Even after years of training I found myself learning from your book immediately (by immediately I don't mean the next chapter, but the very next sentence). I had never trained in pure strength and never thought it was for me, but I was sold on the "foundation" idea immediately because I always believed that, I just never trained it from a Starting Strength perspective.
Now I am a 45 year old male who has been through some serious adversity. I am not going to compete in the Olympics or be on the World's Strongest Man competition. I just wanted to be better, stronger. Being stronger would make me more useful in general and harder to eat. Being stronger than I have been in my life didn't even enter my thought process.
But that's exactly what has happened.
I wasn't sure about your training days schedule, the few barbell exercises taught being enough, the Valsalva technique, or the practice of fives as being the right guideline for building strength, but I couldn't argue with any of your reasoning. So I simply followed what you said and here is what I have to report. Now, it's only been two months (using the squat, press, and deadlift), but the results, for me, have been amazing and significant on their own.
I AM getting stronger.
Mark, thank you for your work, diligence, and commitment to understanding physical strength and thank you for Starting Strength: Barbell Training (3rd edition). Anyone who is willing to think, challenge what they believe, and continue growing can benefit from is book.
What an awesome story. My sister was diagnosed with colon cancer in 2011. She fought long and hard for 3.5 years, eventually discovering her love for running. This is what helped her regain who she was before the cancer. She died this past February but she ran almost every day up until the last month of her life. Your story of discovering SS reminded me of her story discovering running. She worked with a team of coaches and runners who helped fuel her passion for running. She was strong. I was so hoping to get her stronger through SS but her cancer beat me to it. YOU, however, were not beaten and you are reaping the benefits of strength training. Awesome.
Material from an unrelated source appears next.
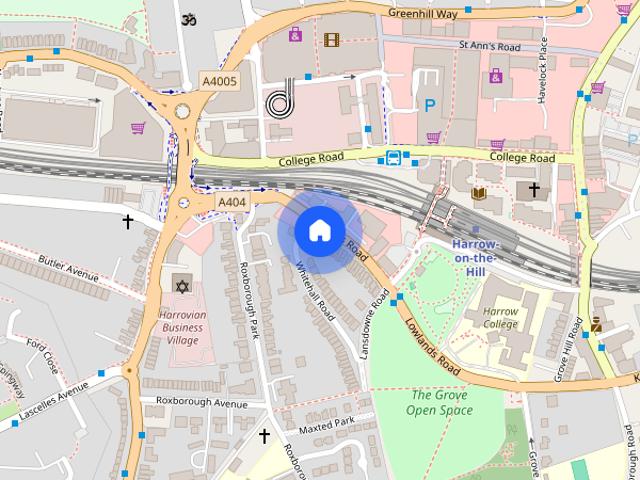 Room for rent in Greenhill, Greater London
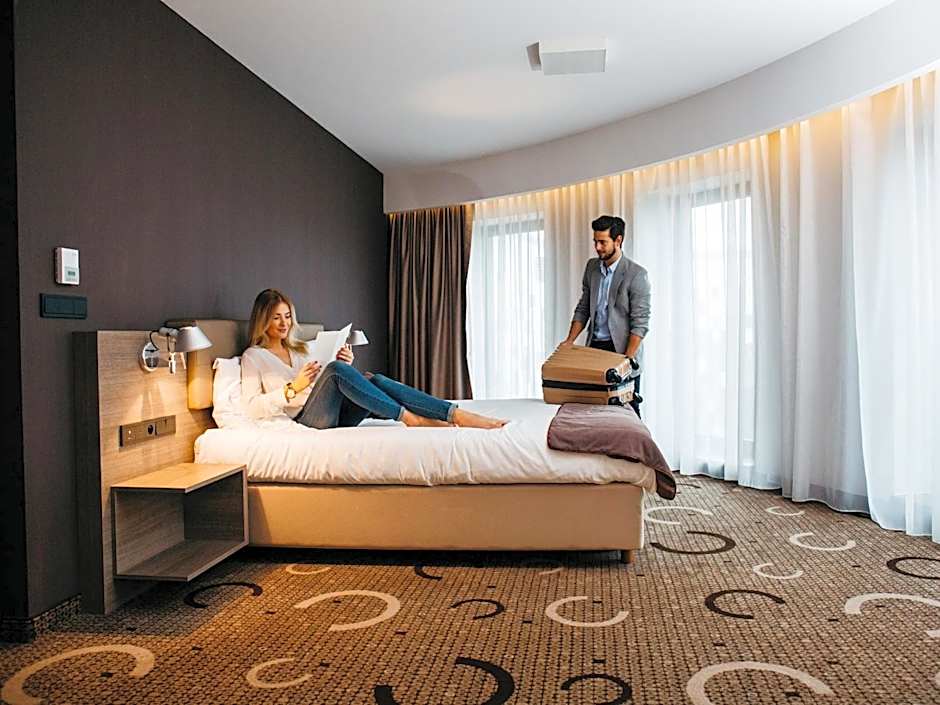 Q Hotel Plus Kraków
I trained a high school football player for a couple years. Close to a 500 pound squat. His freshmen year of college ball he was diagnosed with luekimia. He is in his last phase of treatment and we just started training him again. He's still on chemo but went from a 65 pound 3x5 squat to about 135 for 3x5 already. I'm pretty certain he will blow the doctors at Hopkins away with his recovery.
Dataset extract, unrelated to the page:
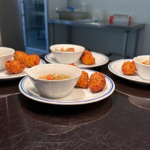 Une parenthèse aux couleurs des Antilles au restaurant du personnel du CHLC Une parenthèse aux couleurs des Antilles au restaurant du personnel du CHLC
What would you say are the most effective ways to prevent hernias?
Umm…. Squat more?
In general, people get hernias because they have fat abdomens and weak abdominal walls (or prior surgery which makes defects in the abdominal wall - after which they become fat and weak). So, likely the answer is to get strong and don't carry large amounts of abdominal fat. But I will admit that I am approaching this question as a physician, and as a physician, I see a large amount of fat people with weak abdominal walls. Perhaps the people on this forum with experience could relate how common hernias are in people who are strong and lifting heavy weights. I would suspect that the incidence is low, as long as they have proper form and are not lifting beyond their ability (which is likely how most hernias develop), but again, we generally don't see such people in the office...so...
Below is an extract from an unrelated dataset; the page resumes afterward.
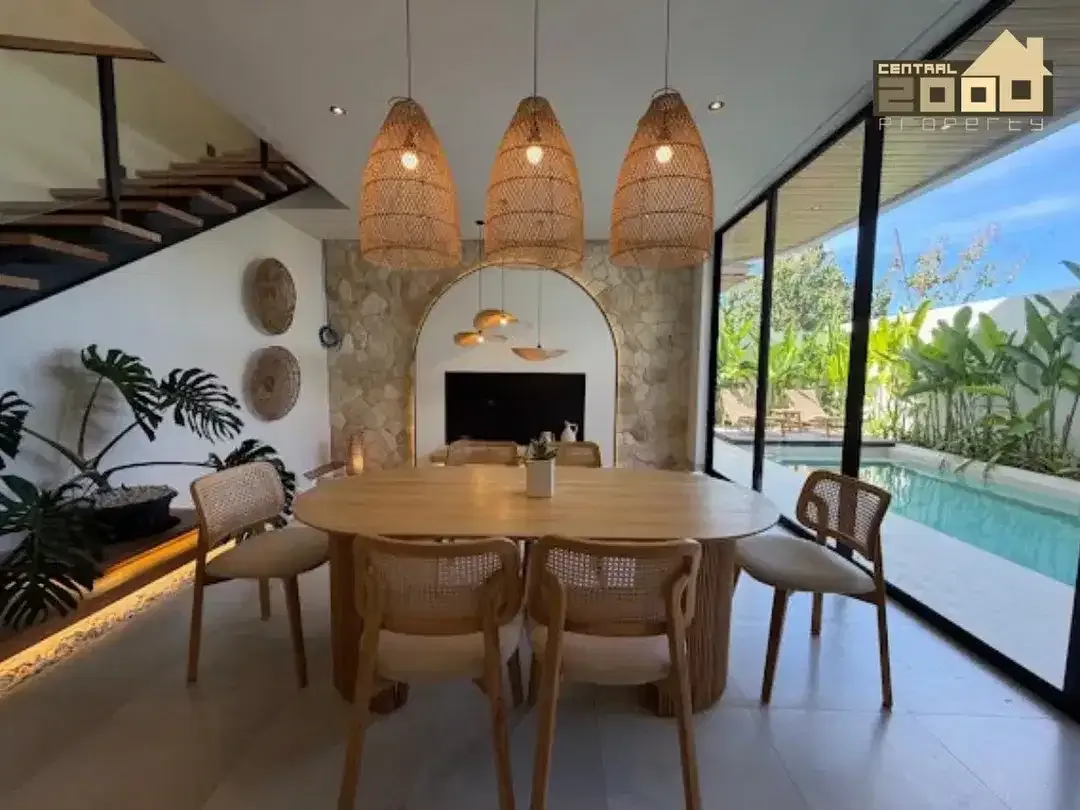 Luxury Modern Tropical Villa For Sale – Balangan, Bali - Image 4 of 10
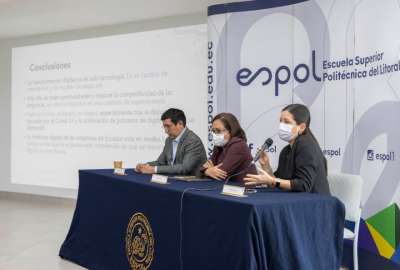 Acercar las nuevas tecnolog&iacute;as a la ciudadan&iacute;a, el objetivo de la ESPOL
And also, a fair number of hernias are a result of genetics...and most people who don't treat kids would probably be surprised at how common it is for kids to need hernia repairs (although often such hernias will resolve on their own as the kids get older.)
My sense is that hernias occur in lifters, like me, at about the same incidence as in the general population. Inguinal hernias are almost always due to genetic predisposition. Training may postpone the acute incident that makes a repair necessary, but if you have a hernia, you got it from your parents. Blame those assholes, not the barbell.